- #1
liquidFuzz
- 97
- 3
I'm trying to refresh some numerical science stuff. Von Neumann analysis, if I take a slimmed down equation, convection. [tex] \frac{∂u}{∂t}+a ∇ u =0[/tex] If I'm using Euler forward, [tex] \frac{u^{n+1}-u^n}{\Delta t}+\frac{a}{2h} \left( u_{j+1}^n -u_{j-1}^n \right) =0[/tex] For [itex]\hat{u}^n = G^n\hat{u}^0[/itex] a growth factor [itex]|G|\leq1[/itex] is sufficient.

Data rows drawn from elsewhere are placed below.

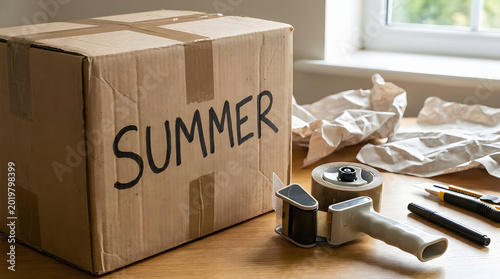 Cardboard box labeled summer isolated on transparent background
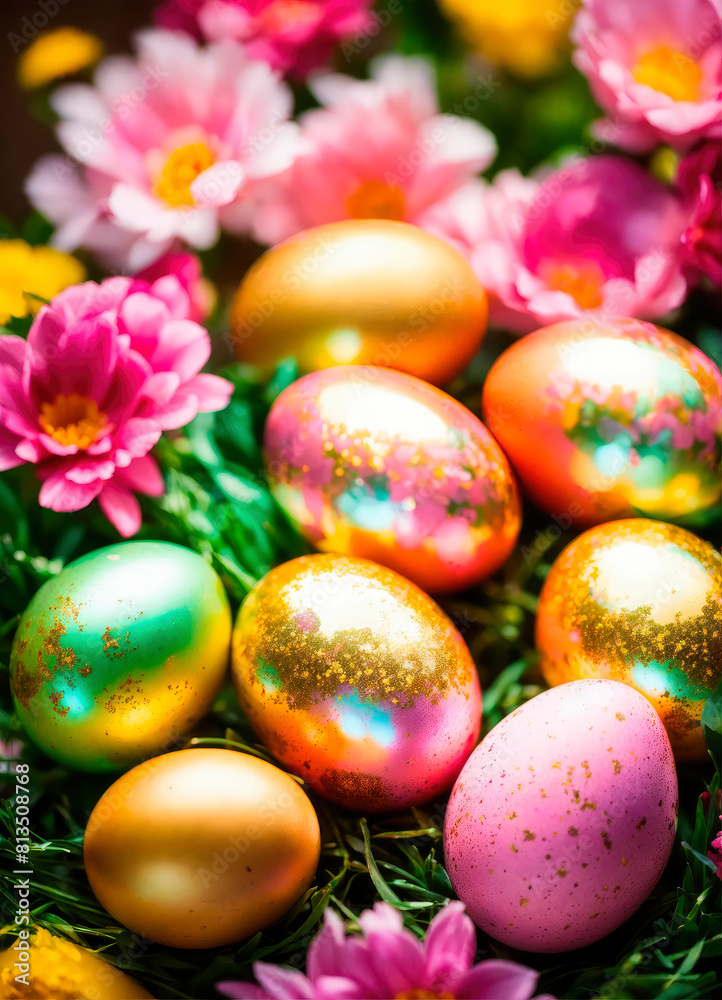 Beautiful Easter eggs for the holiday. Selective focus. Beautiful Easter eggs for the holiday. Selective focus.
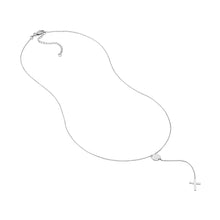 Load image into Gallery viewer, Religious Cross Lariat 14kt Gold Necklace with Disc Accent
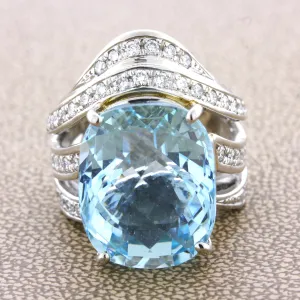 Large 20.10 Carat Aquamarine Diamond Platinum Cocktail Ring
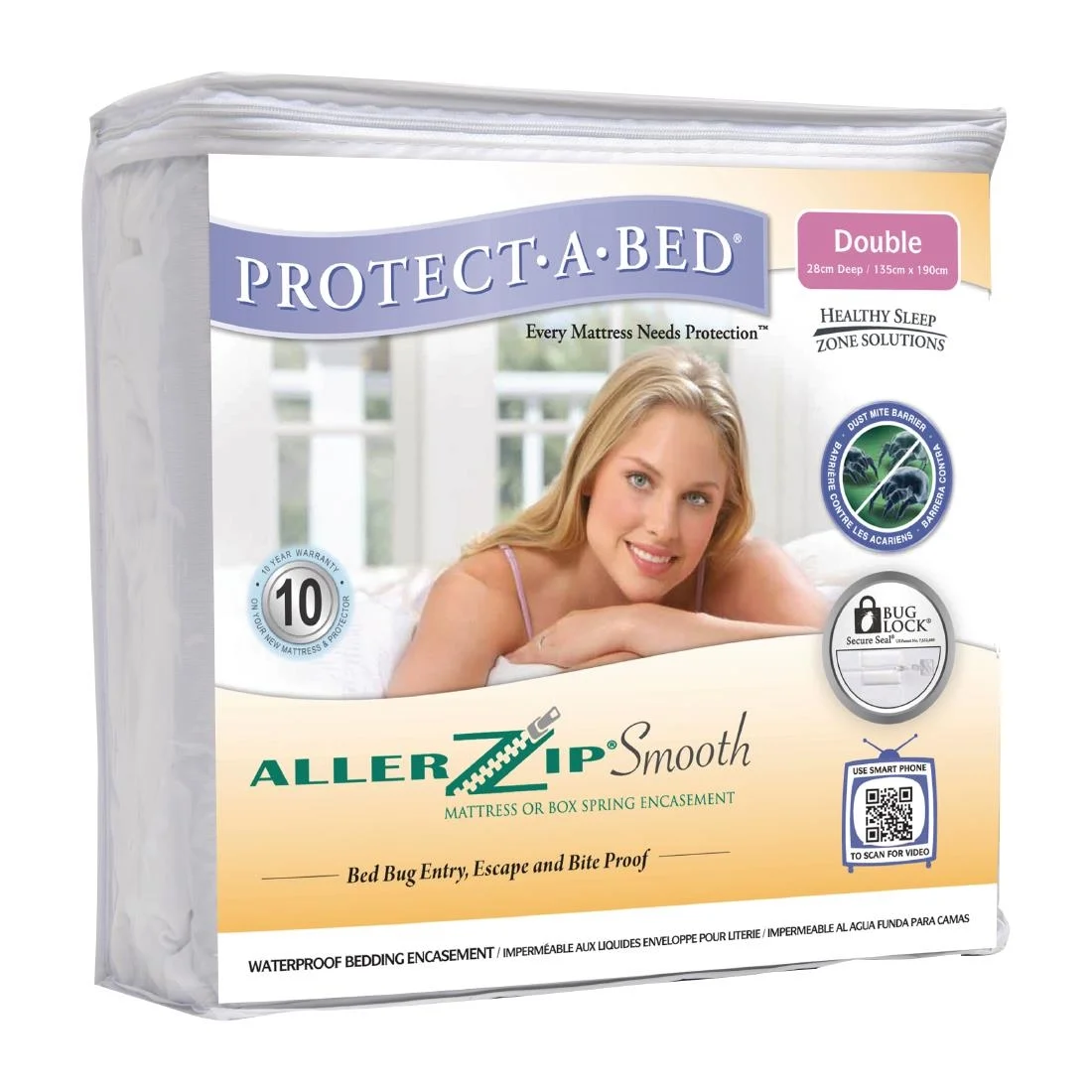 Mitre Comfort Allerzip Smooth Mattress Protector Double - Image 2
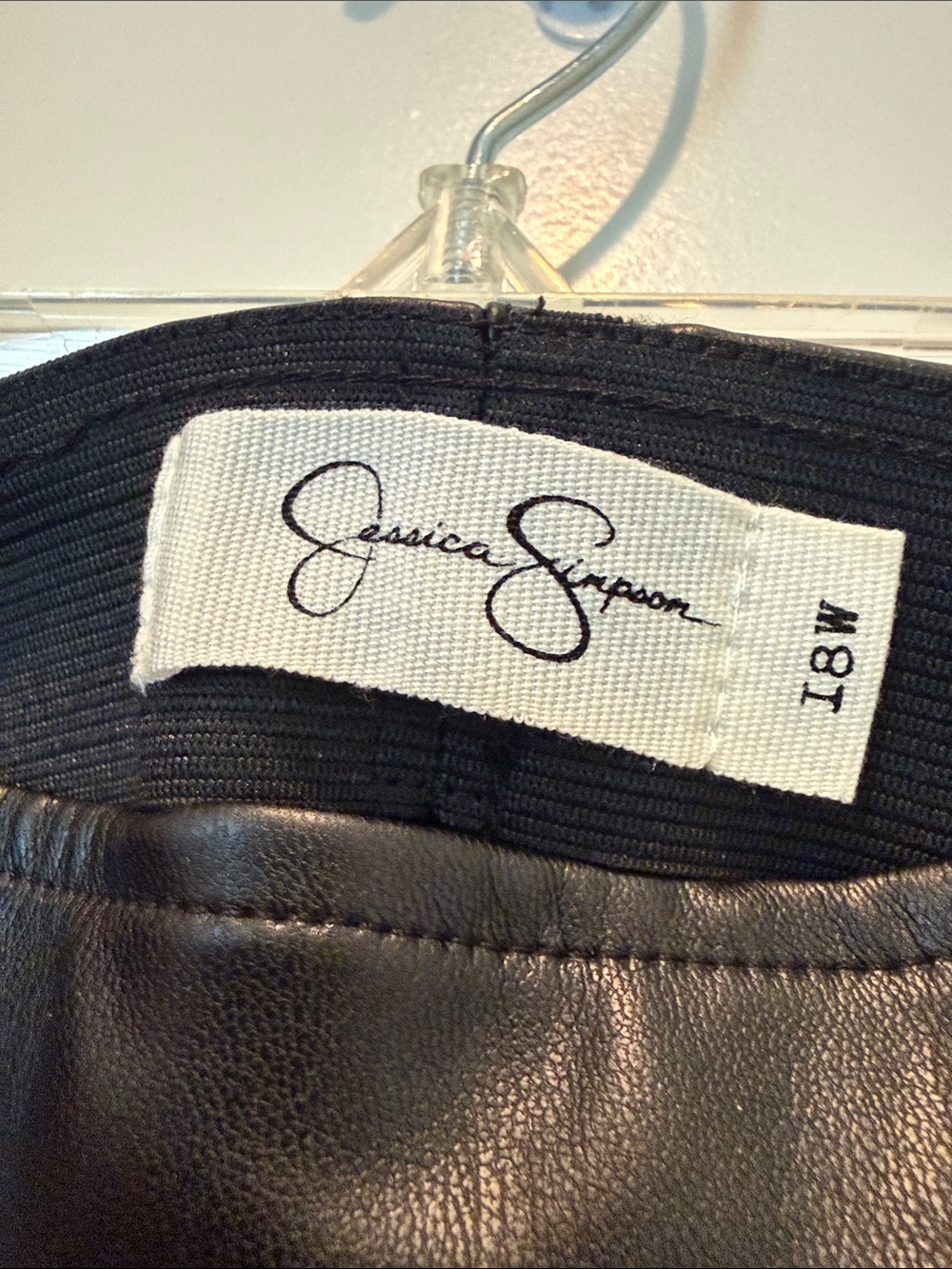 Jessica Simpson Black Faux Leather Flare Jeans - Women NWT size 18W - Picture 4 of 8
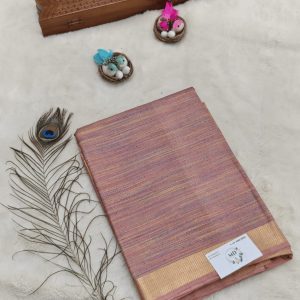 Tissue Tussar Silk Saree(Dusty Rose Pink)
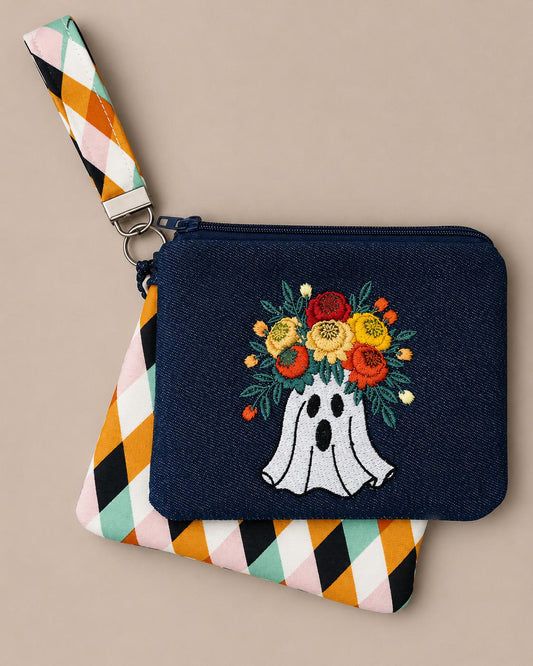 Ghost Garden Zipper Pouch | Embroidered Ghost Bag | Floral Ghost Wristlet | Cute Spooky Gift | Cottagecore | Fall Accessory | Cosmetic Bag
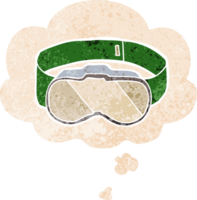 dibujos animados gafas de protección con pensamiento burbuja en grunge afligido retro texturizado estilo png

This gives, [tex] \frac{u^{n+1}-u^n}{\Delta t} + \beta h \left( \frac{u_{j+1}^n-2u_j^n + u_{j-1}^n}{h^2} \right)[/tex] With the smallest possible diffusion but still stable, [itex]\beta \geq \frac{a}{2}[/itex] becomes [itex]\beta = \frac{a}{2}[/itex]. If this is plugged into the equation, [tex] \frac{u^{n+1}-u^n}{\Delta t} + \frac{a}{2h} \left( {u_{j+1}^n-2u_j^n + u_{j-1}^n} \right)[/tex] Now, according to some old notes I have the result is, [tex] \frac{u^{n+1}-u^n}{\Delta t} + \frac{1}{h} \left( {au_j^n -a u_{j-1}^n} \right)[/tex] Well this is somewhat vague for me. Specially the last step where the defraction term is finalised.
Any pointers of help would be appreciated, specially that last step.
Any pointers of help would be appreciated, specially that last step.